Second: If we know that a massive number of jobs would be lost with a $60 minimum wage, then for each incremental increase up to $60 some portion of jobs must be lost. As the minimum wage rises to $12 an hour, to $18 and hour, and upward, some portion of the workers fomerly earning $8 simply cannot find work. The job loss won’t necessarily be linear with increases in the minimum wage. But as a matter of logical certainty, it must happen.
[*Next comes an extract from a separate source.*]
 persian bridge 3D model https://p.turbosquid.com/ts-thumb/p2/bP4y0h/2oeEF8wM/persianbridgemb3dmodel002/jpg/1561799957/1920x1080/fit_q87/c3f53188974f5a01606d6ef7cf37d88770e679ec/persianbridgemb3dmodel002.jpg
Third: If the minimum wage is raised an insignificant amount, then the impact on job loss will be impossible to measure. If only 5% of the population is earning minimum wage, and you raise the minimum wage by 10%, then the impact on jobs will be overwhelmed by statistical noise. This is especially the case because you would expect a very delayed response between a wage hike and unemployment. A firm is not going to instantly fire trained and well-functioning employees. Rather, the firm will be slightly quicker to fire, and slightly slower to hire new workers. There is much debate over various empirical studies, but the debate can never be resolved because it is fundamentally impossible to measure such small effects when there are so many confounding variables.
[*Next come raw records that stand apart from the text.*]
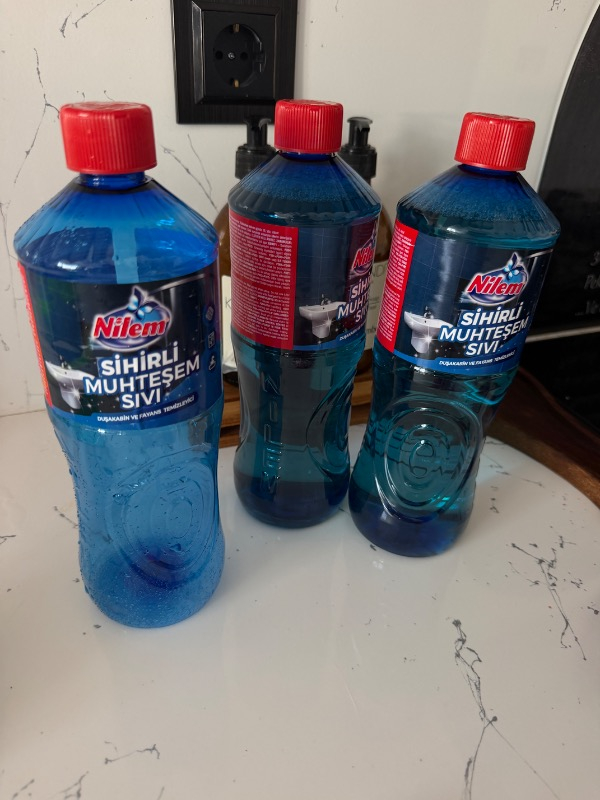 visual-comment-img
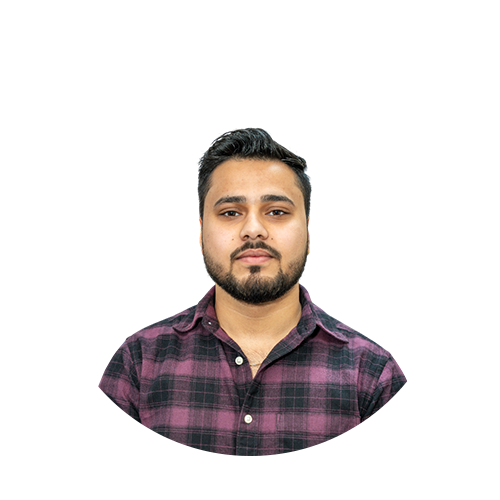 Dhruv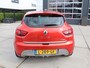 Renault Clio 1.2 GT Navi-Camera, Sportstoelen, Airco, Cruise Uniek!!!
Fourth: Wages are not purely proportional to utility created. Rather, wages are a function of utility created and bargaining power. Some economists argue that if wages are too low, the answer is to give people skills to make them more productive, to enable them to take advantage of technology. But consider the rubbish man. He does take advantage of technology. Sanitation technology allows a few garbage men to cover a large territory and create a massive amount of utility. But he earns a poor wage because he is a commodity worker, he is replaceable. A sanitation worker’s income is proportional to his ability to unionize, proportional to his bargaining power. And becoming more efficient, having technology replace labor, can mean less bargaining power. For instance, junior lawyers make less money now, because there are far more law school graduates and the discovery work has been automated with computer searches. The fact is, we have a global glut of commodity labor. It is often the non-technological enabled jobs that still make the most money – such as the senior lawyer who has rare and intricate knowledge of corporate law. The modern laborer provides valuable services, they do leverage technology, but they earn low wages due to low bargaining power.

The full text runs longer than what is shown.